▸ Description of the task:
The lines from the one containing "Heartleaf Makeup Remover" through the last one in the data: please copy those exactly, and only those, without the pictures.

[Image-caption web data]
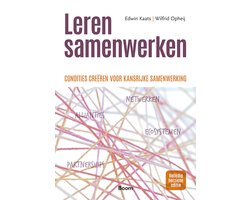 Leren samenwerken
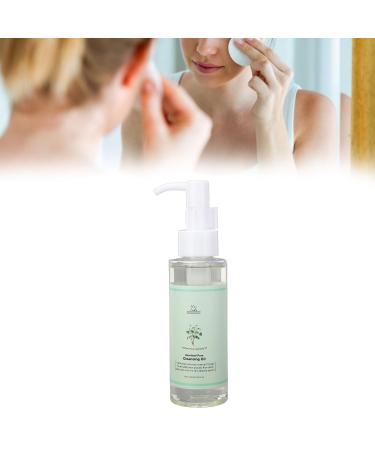 Heartleaf Makeup Remover Oil 100ml | Non-Greasy Pore Cleansing Oil for Travel Shop Internationally - Buy Online on GoSupps.com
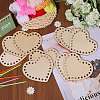 DIY Knitting Tools TOOL-GL0001-14B-4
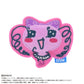 Tamagotchi Plush Pin Blind Box - Connection Era/Color Era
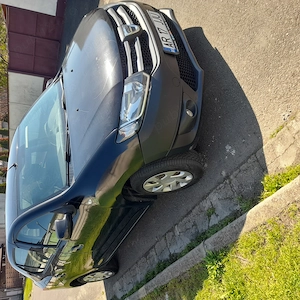 Dacia logan 1.5 diesel 2016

▸ Completed exercise:
 Heartleaf Makeup Remover Oil 100ml | Non-Greasy Pore Cleansing Oil for Travel Shop Internationally - Buy Online on GoSupps.com
 DIY Knitting Tools TOOL-GL0001-14B-4
 Tamagotchi Plush Pin Blind Box - Connection Era/Color Era
 Dacia logan 1.5 diesel 2016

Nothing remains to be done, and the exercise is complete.